DATA EXCERPTS:
---*---

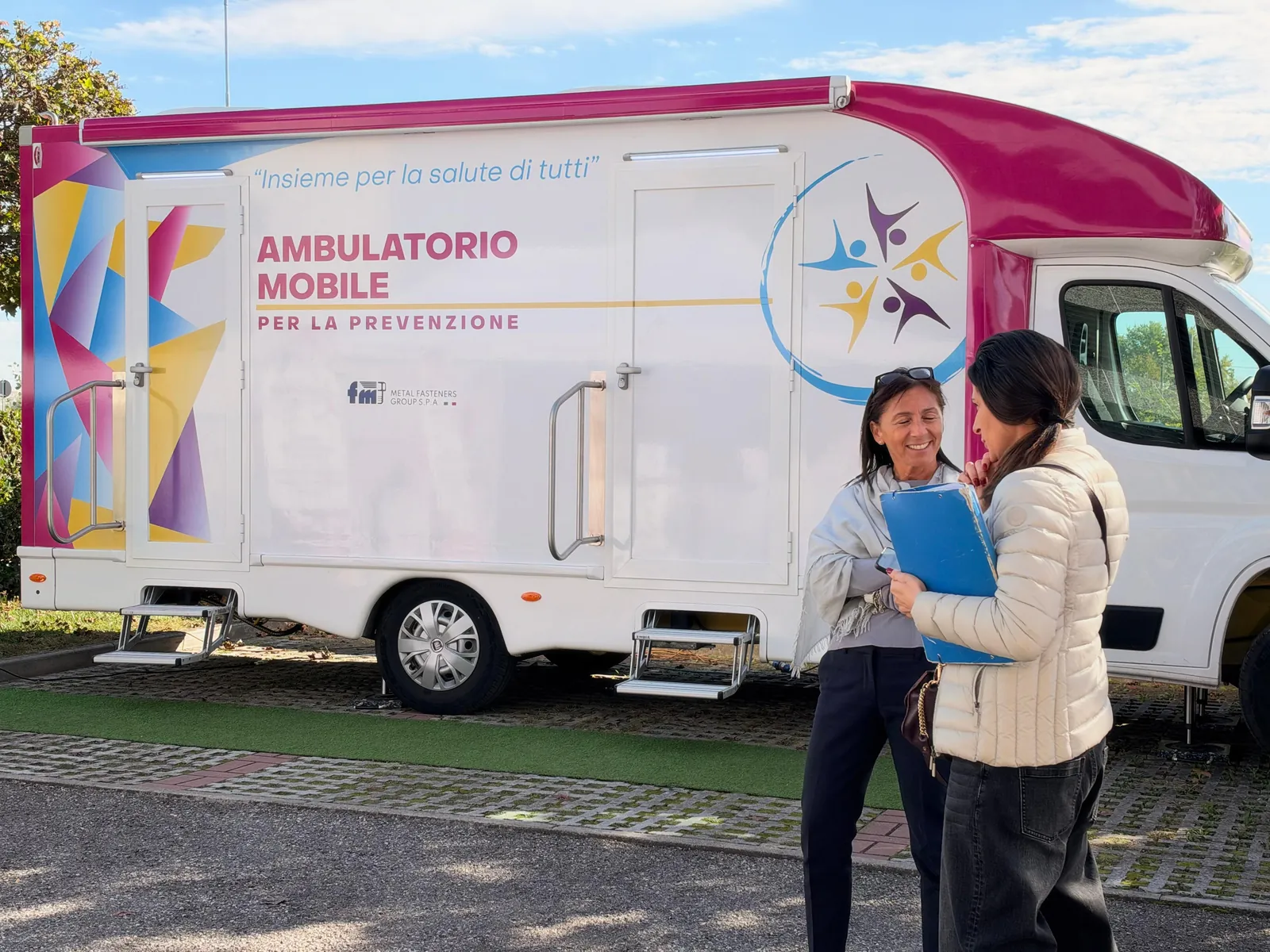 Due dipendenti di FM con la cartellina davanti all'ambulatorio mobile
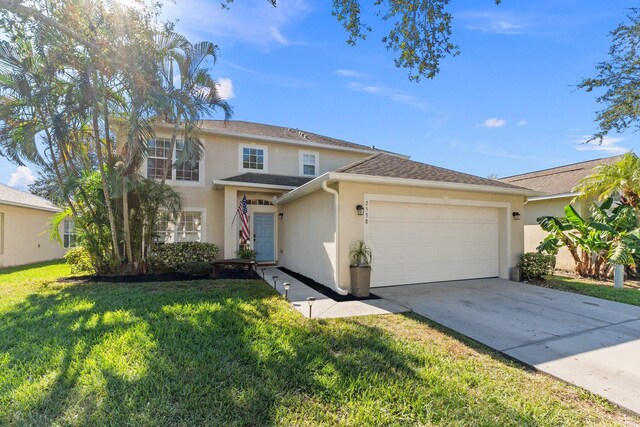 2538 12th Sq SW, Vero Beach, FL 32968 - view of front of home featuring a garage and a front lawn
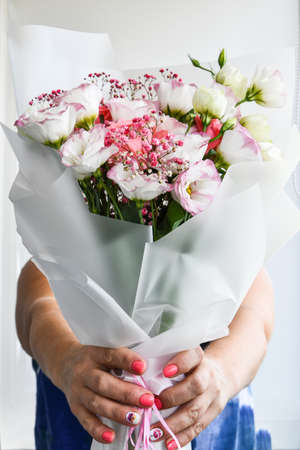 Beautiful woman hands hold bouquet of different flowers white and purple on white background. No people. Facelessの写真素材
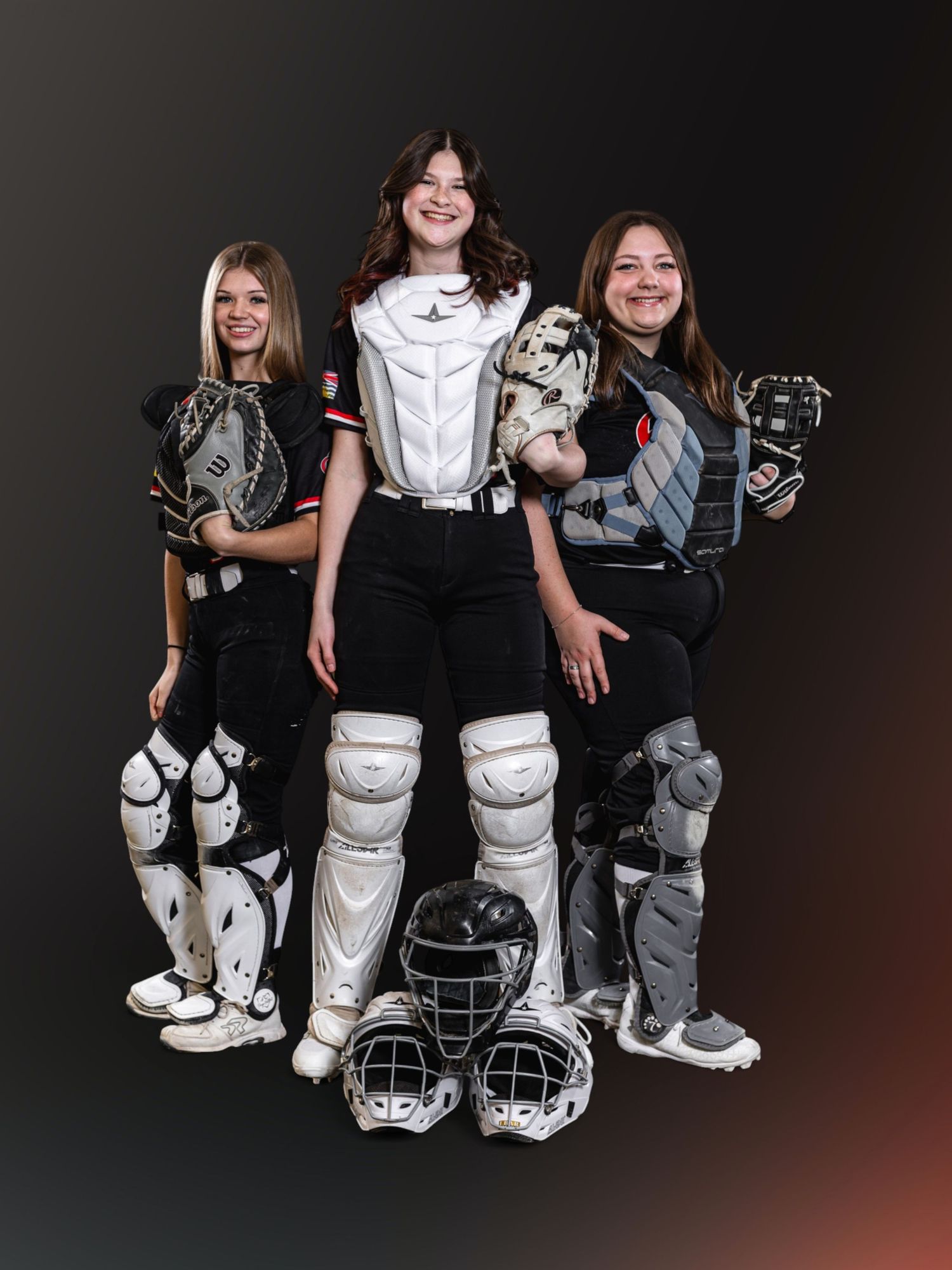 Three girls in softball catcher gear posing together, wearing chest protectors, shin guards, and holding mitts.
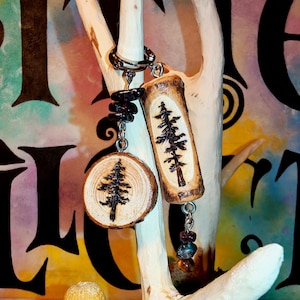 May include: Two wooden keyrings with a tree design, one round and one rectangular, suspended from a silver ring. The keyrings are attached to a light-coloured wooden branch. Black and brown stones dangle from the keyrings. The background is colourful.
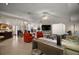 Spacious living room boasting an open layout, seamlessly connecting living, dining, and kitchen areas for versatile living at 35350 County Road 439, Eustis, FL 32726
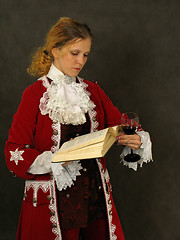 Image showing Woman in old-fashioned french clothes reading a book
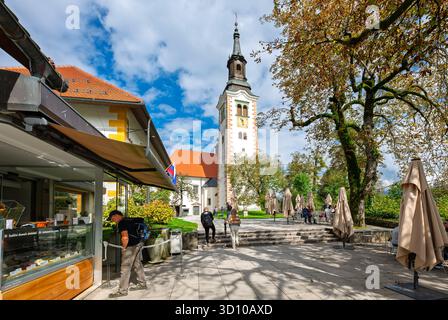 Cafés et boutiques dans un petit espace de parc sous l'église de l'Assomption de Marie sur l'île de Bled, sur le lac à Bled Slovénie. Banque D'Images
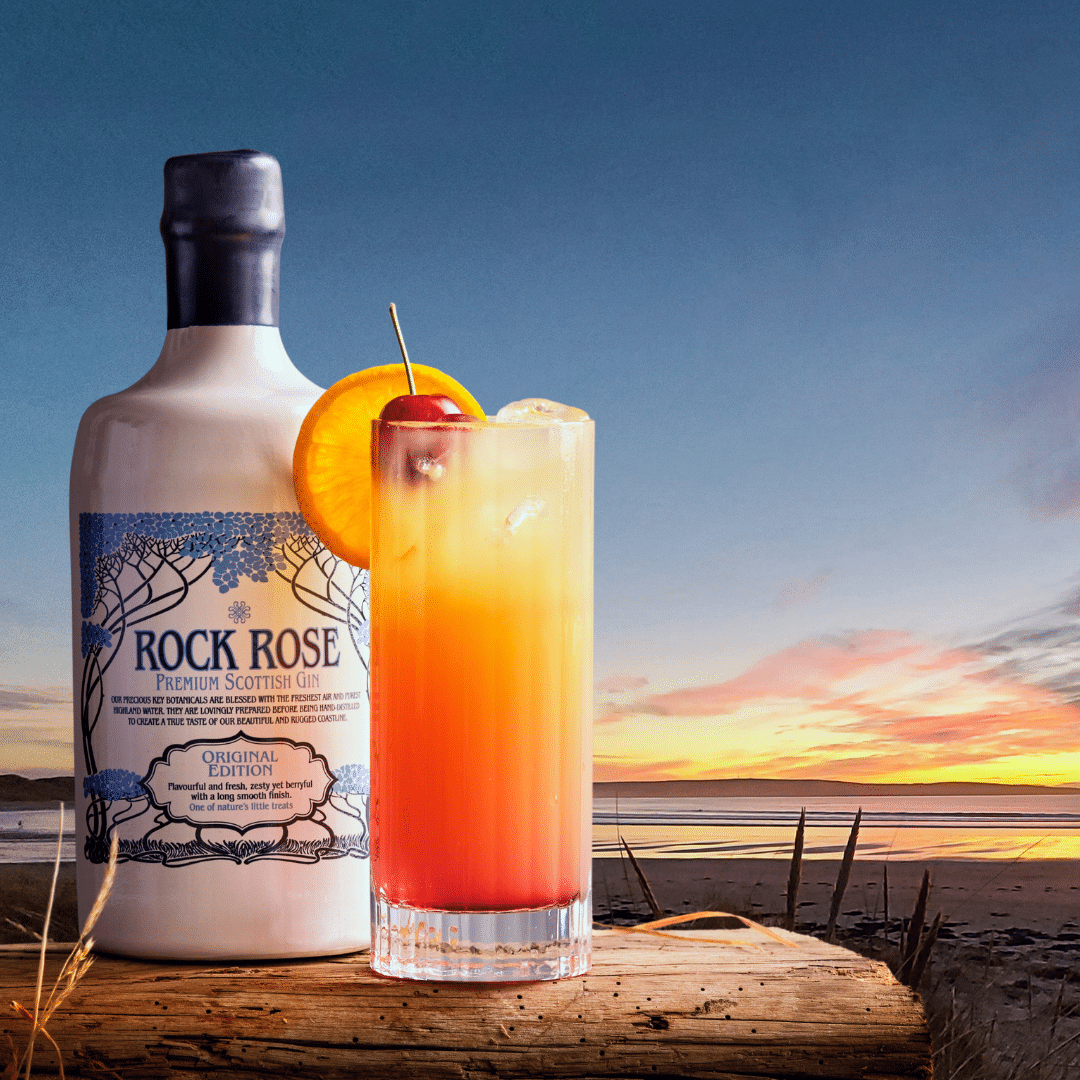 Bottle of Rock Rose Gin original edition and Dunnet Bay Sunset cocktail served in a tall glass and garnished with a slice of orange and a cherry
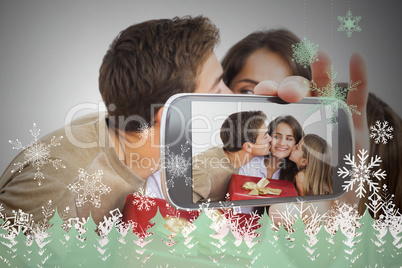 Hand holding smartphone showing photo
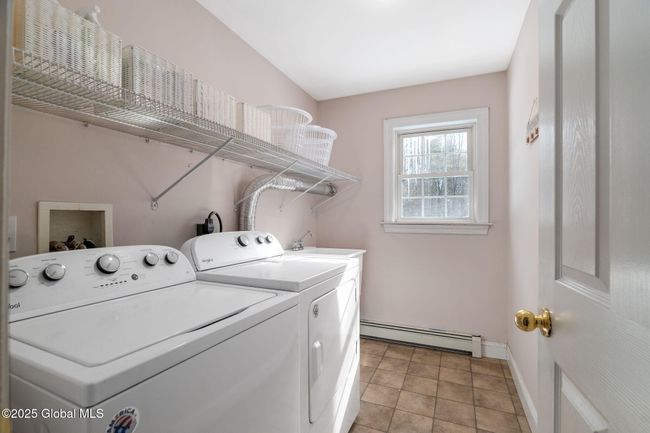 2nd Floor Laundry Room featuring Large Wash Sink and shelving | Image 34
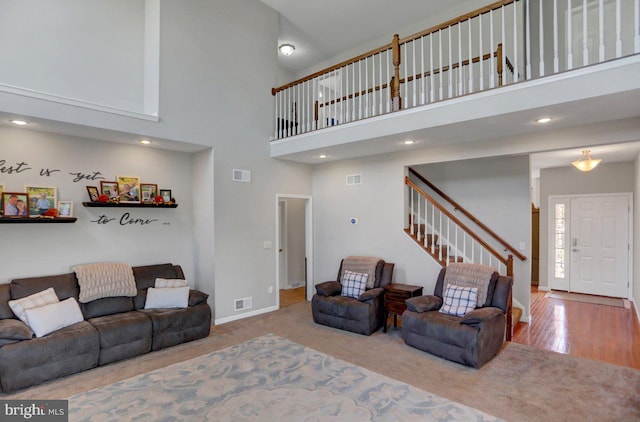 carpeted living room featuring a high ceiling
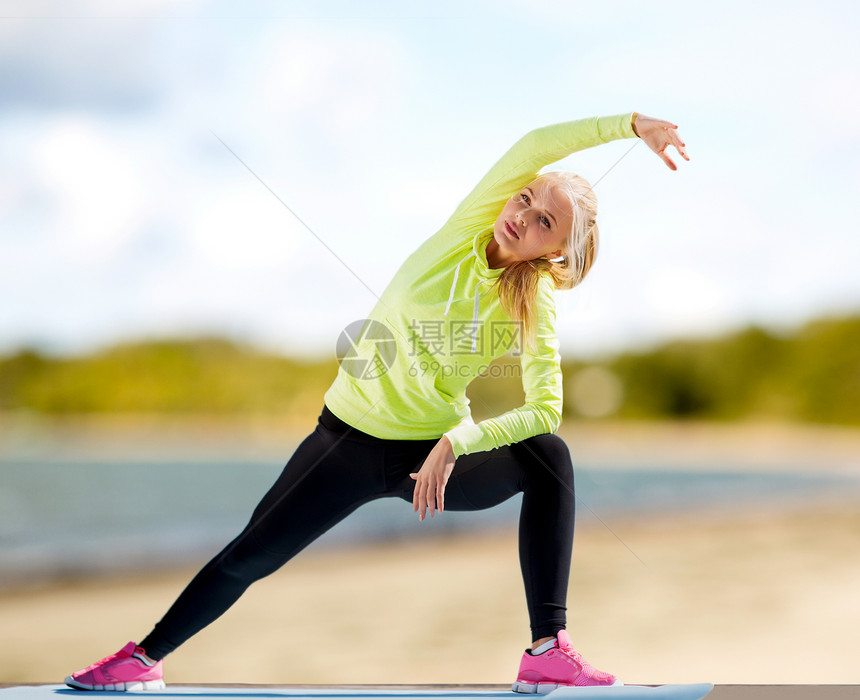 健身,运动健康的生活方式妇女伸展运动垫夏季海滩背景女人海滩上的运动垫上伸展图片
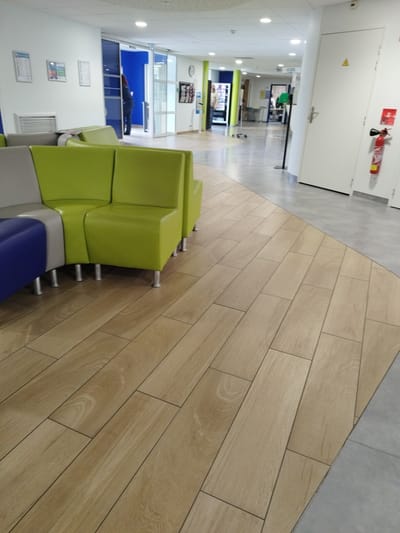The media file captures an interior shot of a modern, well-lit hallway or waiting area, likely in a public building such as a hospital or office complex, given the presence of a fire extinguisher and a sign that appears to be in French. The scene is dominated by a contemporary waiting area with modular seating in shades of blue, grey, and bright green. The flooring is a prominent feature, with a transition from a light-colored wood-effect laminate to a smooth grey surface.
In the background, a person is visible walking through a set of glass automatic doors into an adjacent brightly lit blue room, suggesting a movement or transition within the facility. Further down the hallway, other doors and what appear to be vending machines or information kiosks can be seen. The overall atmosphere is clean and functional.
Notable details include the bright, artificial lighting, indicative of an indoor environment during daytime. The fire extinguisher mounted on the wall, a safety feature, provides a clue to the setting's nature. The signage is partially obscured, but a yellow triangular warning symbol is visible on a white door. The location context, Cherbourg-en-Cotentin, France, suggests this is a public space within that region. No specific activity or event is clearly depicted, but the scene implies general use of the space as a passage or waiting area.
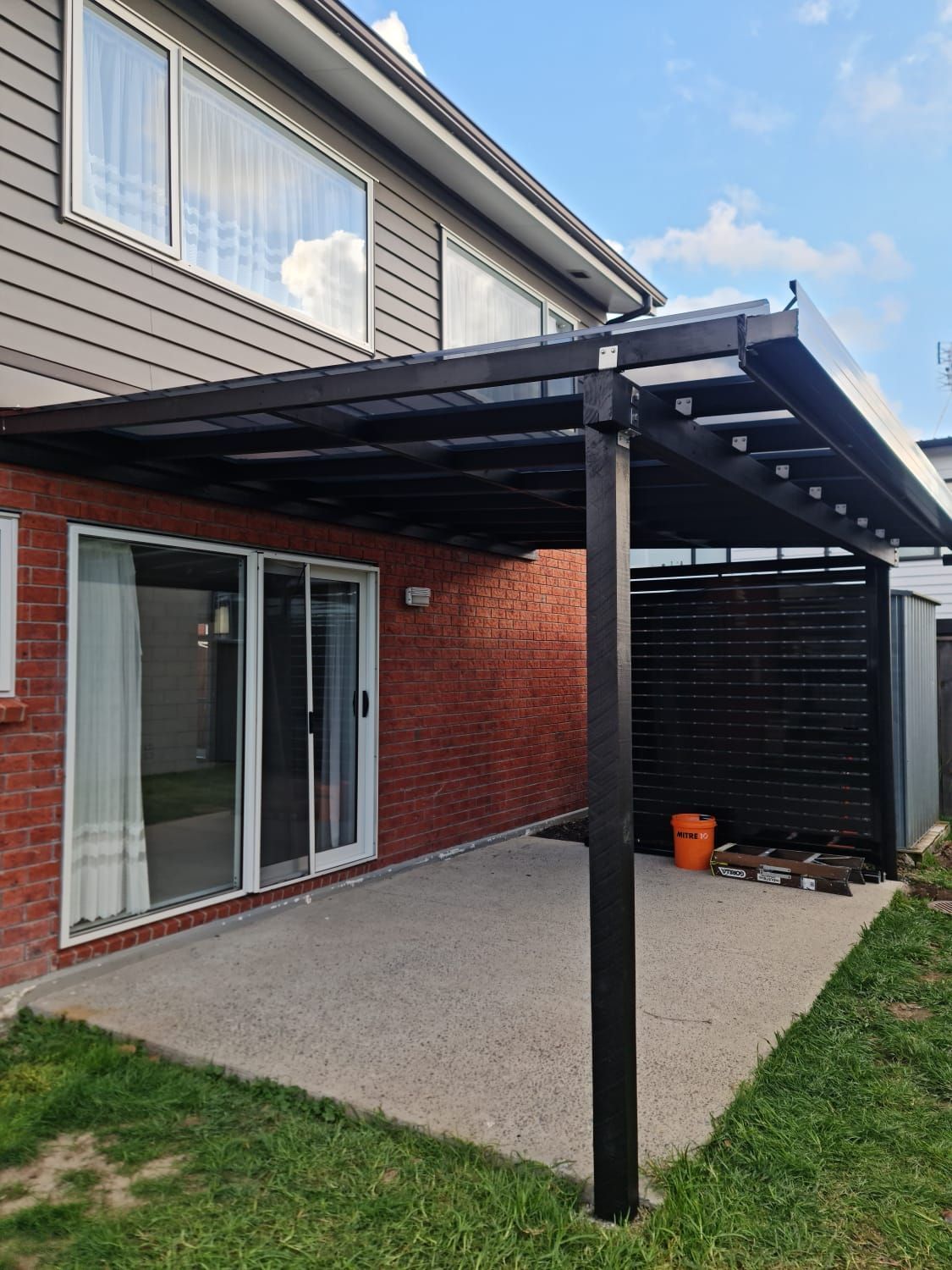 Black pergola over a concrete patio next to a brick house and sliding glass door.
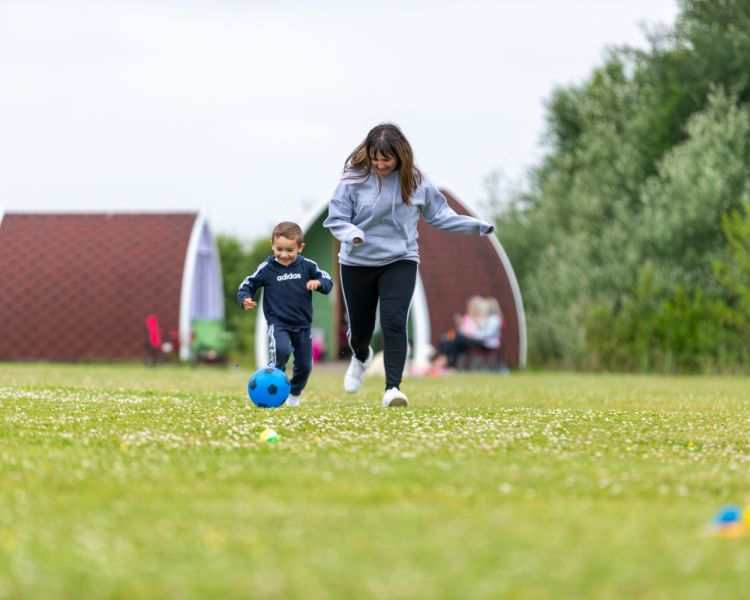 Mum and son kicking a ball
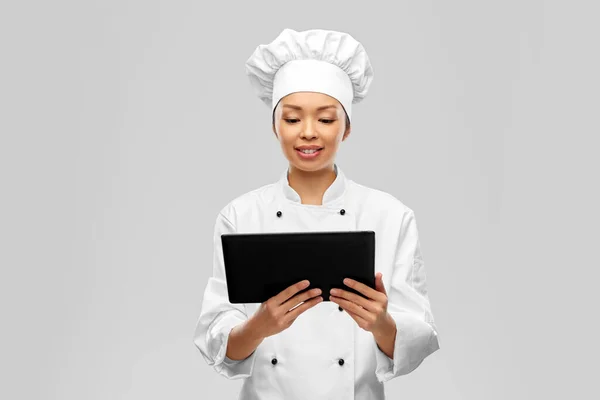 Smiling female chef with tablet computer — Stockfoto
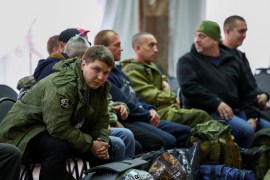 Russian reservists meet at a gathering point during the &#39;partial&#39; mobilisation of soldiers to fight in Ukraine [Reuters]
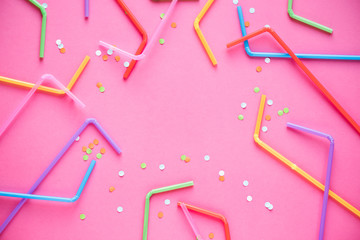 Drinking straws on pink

---*---

Nothing but the lines from the first line of the data above through the line holding "May include: Two" may appear in the response, copied exactly and without pictures.

YOUR RESPONSE:
 Due dipendenti di FM con la cartellina davanti all'ambulatorio mobile
 2538 12th Sq SW, Vero Beach, FL 32968 - view of front of home featuring a garage and a front lawn
 Beautiful woman hands hold bouquet of different flowers white and purple on white background. No people. Facelessの写真素材
 Three girls in softball catcher gear posing together, wearing chest protectors, shin guards, and holding mitts.
 May include: Two wooden keyrings with a tree design, one round and one rectangular, suspended from a silver ring. The keyrings are attached to a light-coloured wooden branch. Black and brown stones dangle from the keyrings. The background is colourful.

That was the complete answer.